*THE PROBLEM*. When the line containing "Z in D [ Mei穿著款：男女自訂款經典" appears in the entries below, begin printing there and stop after the line containing "Vizážisti Douglas a"; print each of those lines exactly and no other line.

*DATA PROVIDED*.
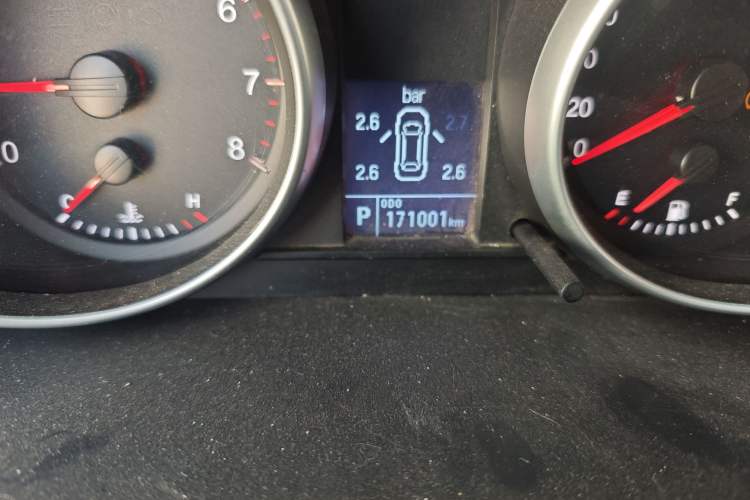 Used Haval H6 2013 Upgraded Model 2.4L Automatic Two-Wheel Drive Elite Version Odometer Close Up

==

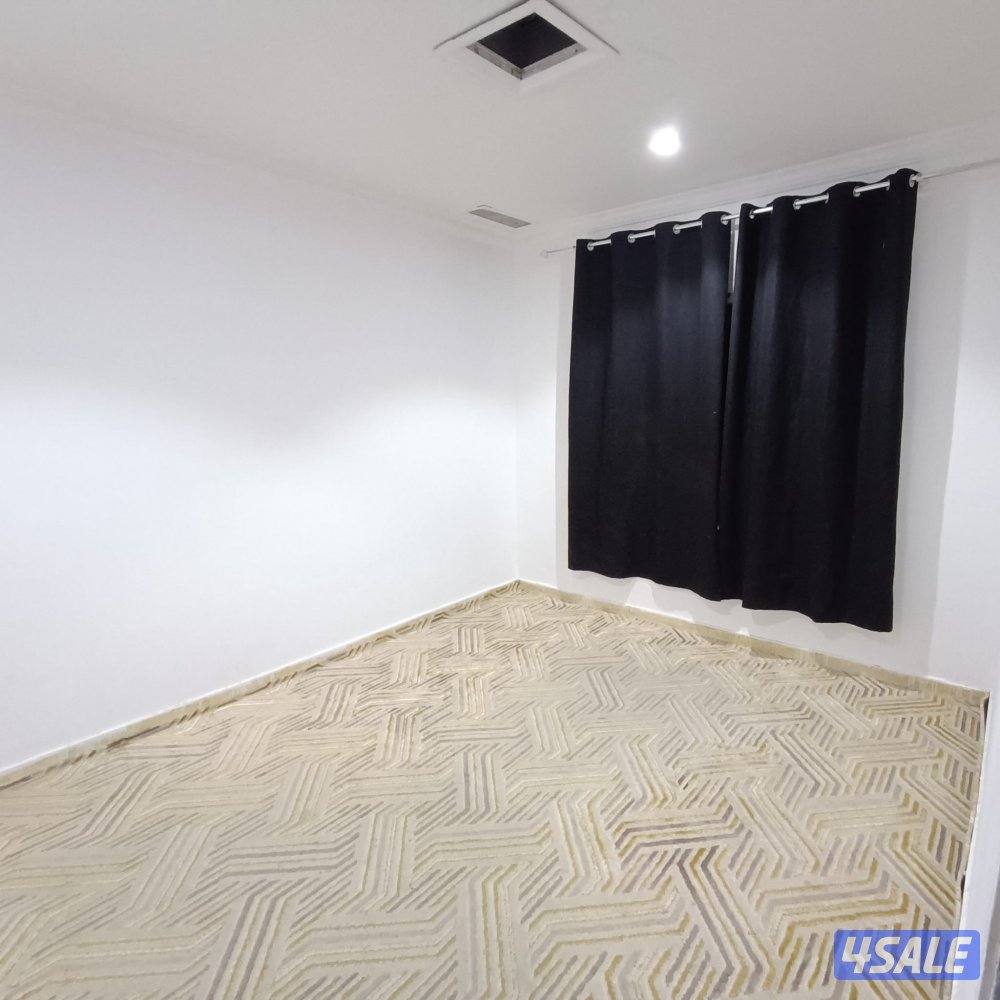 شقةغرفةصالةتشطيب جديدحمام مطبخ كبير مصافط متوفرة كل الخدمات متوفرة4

==

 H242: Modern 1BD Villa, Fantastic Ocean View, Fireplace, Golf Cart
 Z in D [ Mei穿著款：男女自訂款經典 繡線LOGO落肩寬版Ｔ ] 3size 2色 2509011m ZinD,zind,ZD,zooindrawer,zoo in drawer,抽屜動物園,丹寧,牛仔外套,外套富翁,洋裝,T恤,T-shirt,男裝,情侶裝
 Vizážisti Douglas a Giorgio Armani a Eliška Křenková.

*YOUR RESPONSE*.
 Z in D [ Mei穿著款：男女自訂款經典 繡線LOGO落肩寬版Ｔ ] 3size 2色 2509011m ZinD,zind,ZD,zooindrawer,zoo in drawer,抽屜動物園,丹寧,牛仔外套,外套富翁,洋裝,T恤,T-shirt,男裝,情侶裝
 Vizážisti Douglas a Giorgio Armani a Eliška Křenková.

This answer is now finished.